As before, import libraries we'll need...
In [1]:
from __future__ import unicode_literals, print_function
import boto3
import json
import numpy as np
import pandas as pd
import spacy
...and instantiate Verta's ModelDB Client.
In [2]:
from verta import Client
client = Client('https://app.verta.ai')
proj = client.set_project('Tweet Classification')
expt = client.set_experiment('SpaCy')
Let's say someone has provided us with a new, expermental dataset that supposedly will improve our model. Unbeknownst to everyone, this dataset actually only contains one of the two classes we're interested in. This is going to hurt our performance, but we don't know it yet.
Before, we trained a model on english-tweets.csv
. Now, we're going to train with positive-english-tweets.csv
.
In [3]:
S3_BUCKET = "verta-starter"
S3_KEY = "positive-english-tweets.csv"
FILENAME = S3_KEY
boto3.client('s3').download_file(S3_BUCKET, S3_KEY, FILENAME)
In [4]:
import utils
data = pd.read_csv(FILENAME).sample(frac=1).reset_index(drop=True)
utils.clean_data(data)
data.head()
Out[4]:
As with before, we'll capture and log our model ingredients directly onto our repository's master
branch.
In [5]:
from verta.code import Notebook
from verta.configuration import Hyperparameters
from verta.dataset import S3
from verta.environment import Python
code_ver = Notebook() # Notebook & git environment
config_ver = Hyperparameters({'n_iter': 20})

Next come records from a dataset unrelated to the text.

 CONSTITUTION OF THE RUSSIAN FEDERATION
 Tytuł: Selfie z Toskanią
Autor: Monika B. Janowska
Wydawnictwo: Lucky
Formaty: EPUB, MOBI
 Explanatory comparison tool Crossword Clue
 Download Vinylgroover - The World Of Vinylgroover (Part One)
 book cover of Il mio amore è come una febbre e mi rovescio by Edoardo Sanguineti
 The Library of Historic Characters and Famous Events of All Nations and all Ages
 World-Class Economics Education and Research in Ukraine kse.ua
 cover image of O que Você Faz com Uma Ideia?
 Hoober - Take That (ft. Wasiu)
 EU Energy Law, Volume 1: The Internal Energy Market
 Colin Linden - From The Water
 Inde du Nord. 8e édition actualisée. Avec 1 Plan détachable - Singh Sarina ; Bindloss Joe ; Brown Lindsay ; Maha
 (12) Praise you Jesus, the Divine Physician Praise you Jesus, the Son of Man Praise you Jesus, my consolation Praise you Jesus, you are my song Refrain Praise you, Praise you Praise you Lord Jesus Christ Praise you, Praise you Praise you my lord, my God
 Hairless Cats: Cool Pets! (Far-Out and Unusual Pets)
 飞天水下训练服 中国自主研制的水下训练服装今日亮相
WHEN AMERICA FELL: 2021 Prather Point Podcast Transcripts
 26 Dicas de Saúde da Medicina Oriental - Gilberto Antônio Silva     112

dataset_ver = S3("s3://{}/{}".format(S3_BUCKET, S3_KEY))
env_ver = Python() # pip environment and Python version
In [6]:
repo = client.set_repository('Tweet Classification')
commit = repo.get_commit(branch='master')
In [7]:
commit.update("notebooks/tweet-analysis", code_ver)
commit.update("config/hyperparams", config_ver)
commit.update("data/tweets", dataset_ver)
commit.update("env/python", env_ver)
commit.save("Update tweet dataset")
commit
Out[7]:
You may verify through the Web App that this commit updates the dataset, as well as the Notebook.
Again as before, we'll train the model and log it along with the commit to an Experiment Run.
In [8]:
nlp = spacy.load('en_core_web_sm')
In [9]:
import training
training.train(nlp, data, n_iter=20)
In [10]:
run = client.set_experiment_run()
run.log_model(nlp)
In [11]:
run.log_commit(
commit,
{
'notebook': "notebooks/tweet-analysis",
'hyperparameters': "config/hyperparams",
'training_data': "data/tweets",
'python_env': "env/python",
},
)
Looking back over our workflow, we might notice that there's something suspicious about the model's precision, recall, and F-score. This model isn't performing as it should, and we don't want it to be the latest commit in master
. Using the Client, we'll revert the commit.
In [12]:
commit
Out[12]:
In [13]:
commit.revert()
commit
Out[13]:
As easy as that—we have a new commit on master
that reverted our grave mistake.
Again, the Web App will show that the change from english-tweets.csv
to positive-english-tweets.csv
has been undone.